Nós somos responsáveis. Quer aceitemos ou não. Pelas mortes, pela violência, pela corrupção gerada através do tráfico. Se não houvessem usuários não haveriam traficantes.
Antes de por a culpa no traficante vagabundo que fica por aí espalhando a violência ao invés de estar trabalhando honestamente, faça um exame de consciência. Se a sua estiver limpa ajude os seus amigos. Se estiver pesada como a minha tome uma atitude. Não se esconda atrás da vergonha de ter cometido um erro. Assuma.
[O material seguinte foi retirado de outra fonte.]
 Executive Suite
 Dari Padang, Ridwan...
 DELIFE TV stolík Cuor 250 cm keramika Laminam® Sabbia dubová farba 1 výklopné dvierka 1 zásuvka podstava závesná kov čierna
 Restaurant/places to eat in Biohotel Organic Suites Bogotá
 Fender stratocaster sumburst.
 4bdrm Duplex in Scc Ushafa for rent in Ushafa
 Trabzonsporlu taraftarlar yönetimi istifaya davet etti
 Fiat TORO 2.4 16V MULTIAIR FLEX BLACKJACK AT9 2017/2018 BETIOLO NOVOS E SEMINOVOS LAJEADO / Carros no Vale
Corrija-o.
E antes de negociar ou mesmo aceitar qualquer coisa ilícita lembre-se do Davi Coimbra que escreve no seu blog: há maneiras mais criativas e modernas de ser burro. 

2 comentários:

Gabriel Amado disse...

Bem bacana teu depoimento de culpada. Concordo contigo.
Teu discurso ficou em cima dos aspectos sociais da prejudicação da maconha. Mesmo argumento daqueles que, atualemente, querem a legalização da mesma. Daí eu te pergunto: Tu seria a favor da legalização da maconha?

Valeu.

Gabriel Amado

Unknown disse...

Oi Gabriel,
Até hoje não respondi tua pergunta... Mas foi por não saber o que dizer... E ainda não sei bem. Mas é uma vergonha te deixar sem resposta, então tentarei:
Neste debate o que tem me incomodado, tento ilustrar com o seguinte exemplo:
No dia em fomos a manifestação pela legalização da maconha, me incomodou o fato de que todas aquelas pessoas politizadas e que lutam pelos seus direitos, e que sabem defender seus argumentos de modo bem mais eloquente do que toda a filosofia que estudei me permite fazer, tinham entre os dedos, um cigarro ilegal...
E pensei: é legítimo lutar por algo em que se acredita ao mesmo tempo em que se é conivente com os problemas que tal ato acarreta?
Porque nem mesmo eu sou ingênua o bastante pra acreditar que toda aquela maconha era proveniente dos quintais daquelas pessoas e dessa forma isentas da violência e do crime organizado.
Mas voltando à resposta a tua pergunta: sinto-me inclinada a concordar com a legalização da maconha. Não conheço todas as implicações, não me apropriei do todo ainda. Com as informações que tenho me parece razoável legalizar. Porém minha opinião ainda está em formação.